Good point @marcorossi ! Stories that have "flawless" characters whose flaw is that they are an asshole (House, Sherlock Holmes, James Bond) are actually pretty successful. But audience/readers react to them differently. You aren't really rooting for them. You know they are going to succeed. They literally never fail. Some of them have a seed of hope that they will meet some challenge that teaches them humility. Sometimes, you just enjoy the action like an amusement park ride and are amused by the quips and comfortable because you know exactly how the story will play out. There's some room for that sort of thing. But if your character isn't fallible, they should be entertaining.

Avart at 3:13PM, Feb. 25, 2021

Excellent post @Banes!
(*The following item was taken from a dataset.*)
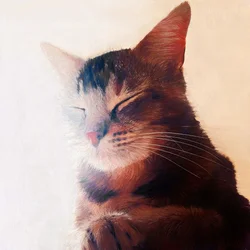 Purr-fect Spot, 2018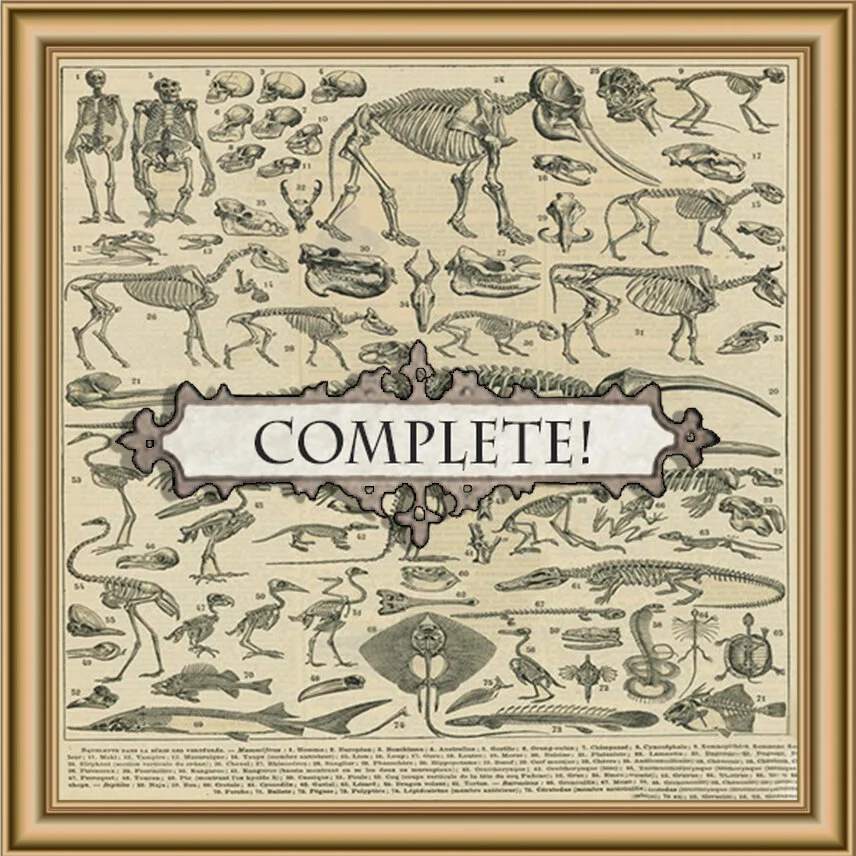 Completebones.jpg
I agree, a Mary Sue or Gary Stu character is so boring, I mean, even if they are in a difficult situation there's no doubt they will overcome it (and in a flashy way). I remember the first Tomb Raider movies, Angelina Jolie's was so f*cking boring that it ruins the movie (even more IMO). @hushicho, @bravo, @usedbooks and @marcorossi have great opinions too.

marcorossi at 10:09AM, Feb. 25, 2021

@Banes - this is part of it, but I think it works better for positive moral traits, e.g. if Joe is brave but weak. But in some cases it might be a case of power fantasy, that people like to immedesimate with character who are strong and destined to win. E.g. Harry Potter is a poor kid mistreated by his family but has superpowers and he is actually very strong VS his peers, the novels wouldn't be as entertaining if we didn't expect him to smash his enemies at some point; Cinderella is super beautiful etc.
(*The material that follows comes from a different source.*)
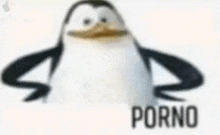 a blurry picture of a penguin with the word porno on the bottom .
Banes at 6:30AM, Feb. 25, 2021

@marcorossi - Interesting! My first thought is the good qualities are what actually makes the characters relatable and believable, and maybe more importantly, makes us WANT them to win. We root for the people/characters we like. Someone with no good qualities/only defects: why would we care whether they win? We'd want the dragon to eat them. Some unlikable horror characters and some indie drama/comedy characters fall into this category. We don't care enough about them to follow their story.
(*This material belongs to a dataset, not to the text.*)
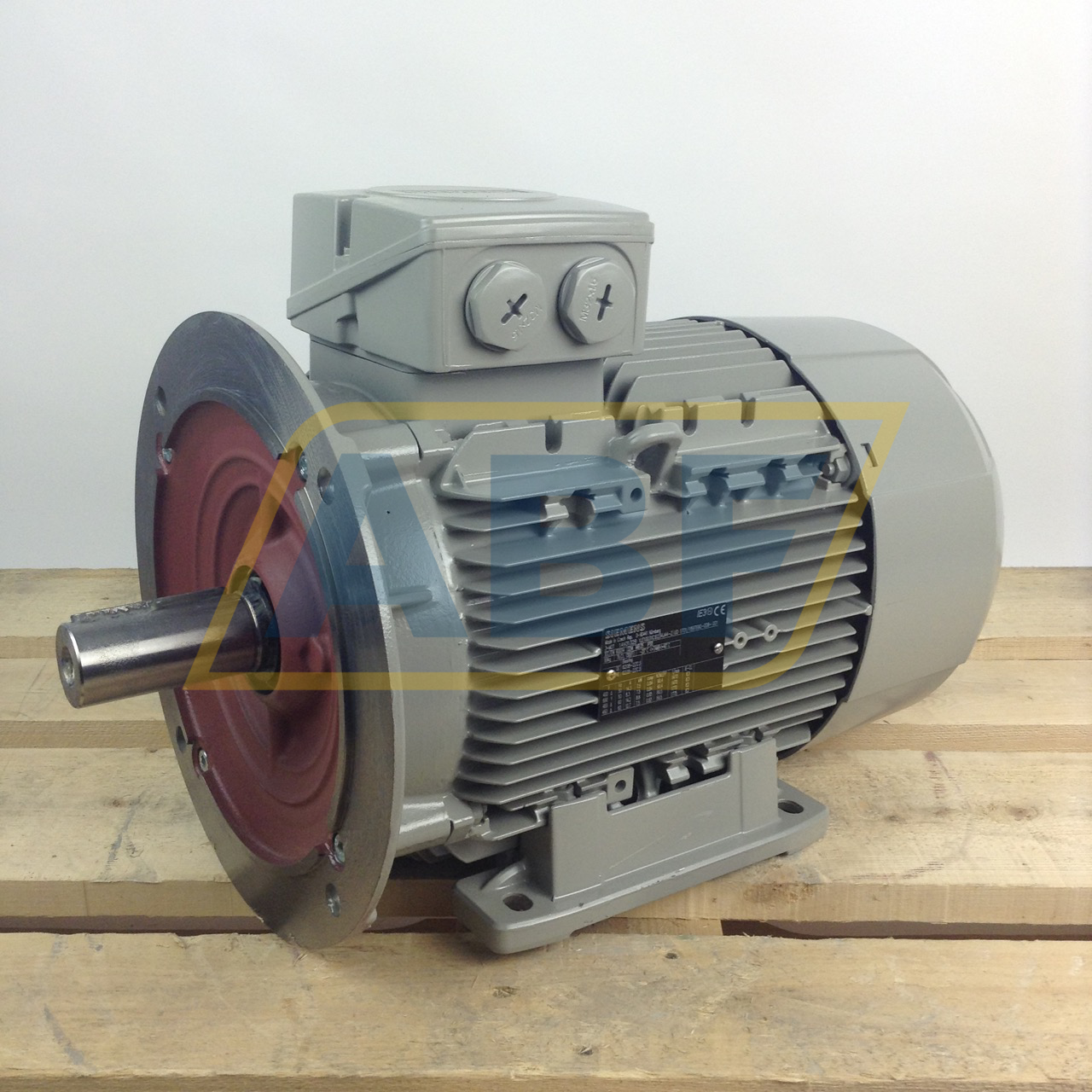 1LE1003-1CB23-4JA4 Siemens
marcorossi at 5:33AM, Feb. 25, 2021

"Overcoming their inner flaws is what gives your stories real juice, and lifts the hearts of your readers." This I do understand; what I don't understand is what is the purpose of the good traits. For example, suppose that I have a story where Joe is strong but he is a coward, and he has to defeat a dragon. I understand the logic of Joe being a coward because this way he can become brave (character arc) and in the end win, but what is the purpose of Joe being strong? If we follow the logic to the extreme, wouldn't it be better to have heroes who only have defects?

usedbooks at 4:44AM, Feb. 25, 2021

It is shorthand for saying "make your characters dynamic." Unchanging characters are boring. And "perfect" characters have no reason to change. Failure and constant learning is a core part of human experience. So characters that never change are not relatable. In essence, they aren't characters. They are props. The computer in War Games BECAME a character the moment it was able to "learn." (Basically, what hushicho said.)

bravo1102 at 4:08AM, Feb. 25, 2021

Remember even being flawless can be a flaw in someone's character. The "You're just too perfect" trope.

hushicho at 2:35AM, Feb. 25, 2021

However you do it, the thing I think makes a character interesting is them going through some development. It doesn't necessarily take flaws, though they are a way to do that. Even highly-capable and experienced characters who are well-adjusted can still develop, and sometimes the story of them experiencing something can be fascinating. Most of all, it should add something to the character's existence, whatever it ends up being. Mary Sue characters are often so uninteresting because no experience really enriches or develops them, and their flaws tend to be carefully manufactured. I think those are things to be careful of in characters!